Dereplication is to remove almost identical reads, making the results high quality and reducing the running time [line:185-187]. Sample inference is the last step for higher quality results [line:192-194], before merging the reads together [line:197-198]. After merging we can make an amplicon sequence variant table (ASV) [line:200-202], and lastly remove de chimeras [line:204-205]. To inspect the lengths of the sequences use the following command in console:
table(nchar(getSequences(seqtab.nochim)))
Is is possible to inspect all the results we saved from the pipeline in one table. You can do a trackback [line:207-213].
UNITE database is used as taxonomic assignment [line:215-220]. The results are done, and can be exported. Use the following command to save from the global environment:
save(taxa, file = "results.Rdata")
After saving to your home directory, export the file.
To creat an ASV table, we need to combine the taxonomic assembly Taxonomic assignment with the sequence table Quality results we both made earlier in the script [line:224-226].
seqtab_results <- as.data.frame(t(seqtab.nochim))
results <- cbind(taxa, seqtab_results)
write.matrix(results, file = "ASVtab_raw.csv")
To create an OTU table, we need to…
This function makes a forward, reversed, compliment and reversed compliment primer of every primer given.

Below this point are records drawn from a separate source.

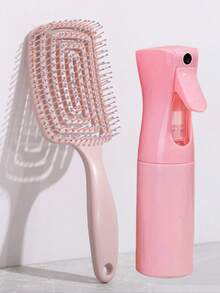 5pcs/4pcs/2pcs Comb Set, 6.8oz/200ml Continuous Fine Mist Spray Bottle, Suitable For Adult And Girl Hair, Fun Combs, Rat Tail Comb Edge, Suitable For Hairstyling And Hairstylists - Multicolor - View 22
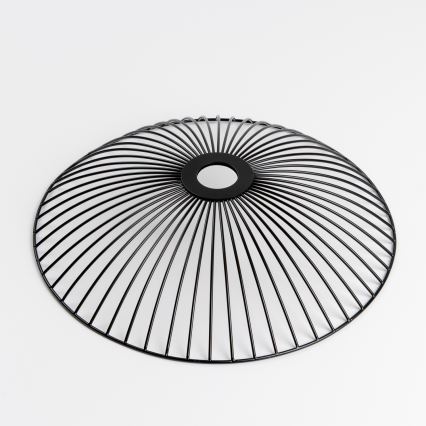 Brilagi - LED griestu lustrs CERIA WIRE 1xE27/40W/230V Ø 38 cm melns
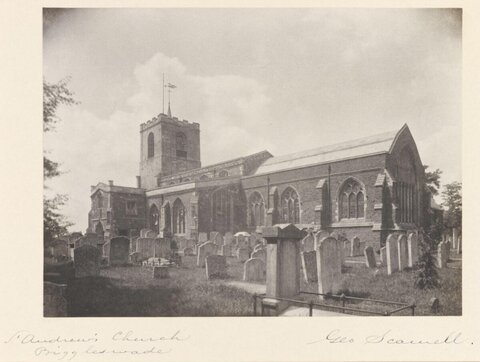 St Andrew's Church Briggleswade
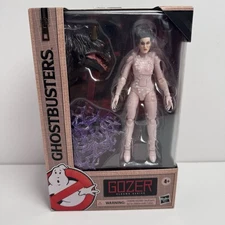 Ghostbusters Plasma Series Gozer Action Figure with Build A Ghost Parts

This information is needed when trying to locate all the primers in the data. Note: To avoid mixups check is the REV primer matches REVcomp exactly -> if so: replace REV <- REV.orient[[“RevComp”]] before proceeding with the rest of the pipeline.

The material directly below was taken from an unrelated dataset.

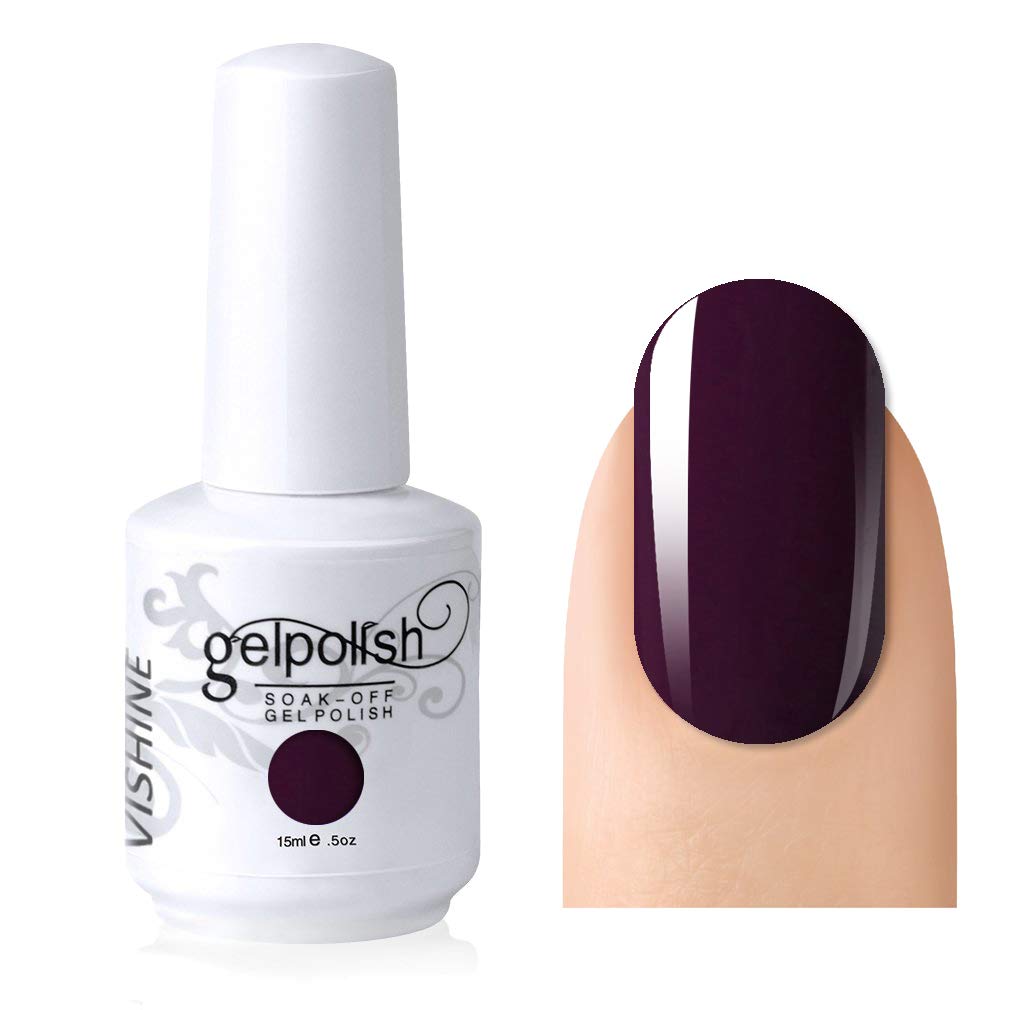 Vishine Gelpolish ( plenty of colors to choose  from )Professional UV LED Soak Off  Color Gel Nail Polish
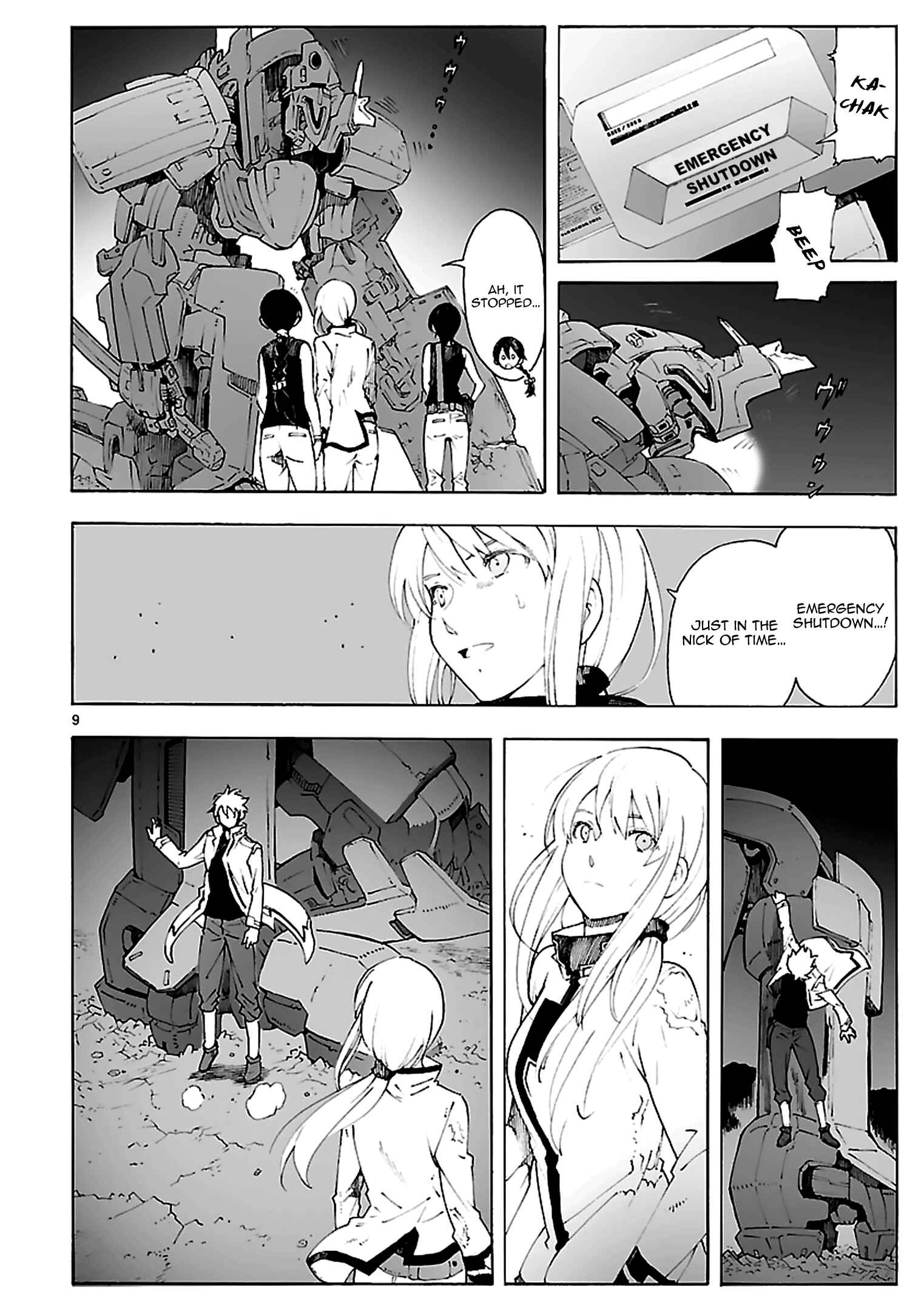 Page 9 Chapter 81 Break Blade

This function detects the primers in your data. Outcome of this function is shown after creating a rbind table [line:59-71] DADA2.R. Expected outcome of this function: Forward Complement Reverse RevComp FWD.ForwardReads 4000 0 0 0 FWD.ReverseReads 0 0 0 4000 REV.ForwardReads 0 0 0 4000 REV.ReverseReads 4000 0 0 0 *4000 is an estimation -> expected a big number
After the primers are removed, the data is ready to be further analysed. First, we look at the sample names; assuming the filenames have this format; change if needed.
We need to look at the error rates of the data, by visualizing it in a plot. The default mode to do so doesn’t work on this data, because it is NovaSeq Illumina data. NovaSeq generates a lot more data, so therefor there will be a lot more errors. There are four great options as an alternative for the error rates. There will not be one ‘perfect’ plot, that’s just the way it is with NovaSeq data. Best way to check is to pick the one where the dots match the black line and keep increasing. Best way to test is on test data, keep in mind that this step may take ±24 hours to test (even with smaller testdata).
This function in used around the end of the pipeline to make a table of all the unique reads from every output. This table can be useful examining the outputs.
To use this script your need to have a finished ASV table from DADA2.R. This little script uses a lot of packages, make sure to load all the required packages [line:1-11].
Define sample names, sequences and number of processors u want to use for clustering [line:13-16]
Use DECIPHER to collect all clusters from the ASV file and form the new OTUs [line:18-26]. Add the sequences as a column before merging the clusters together with the sample names[line:30-37]. Export OTU as an csv file[line:39-40].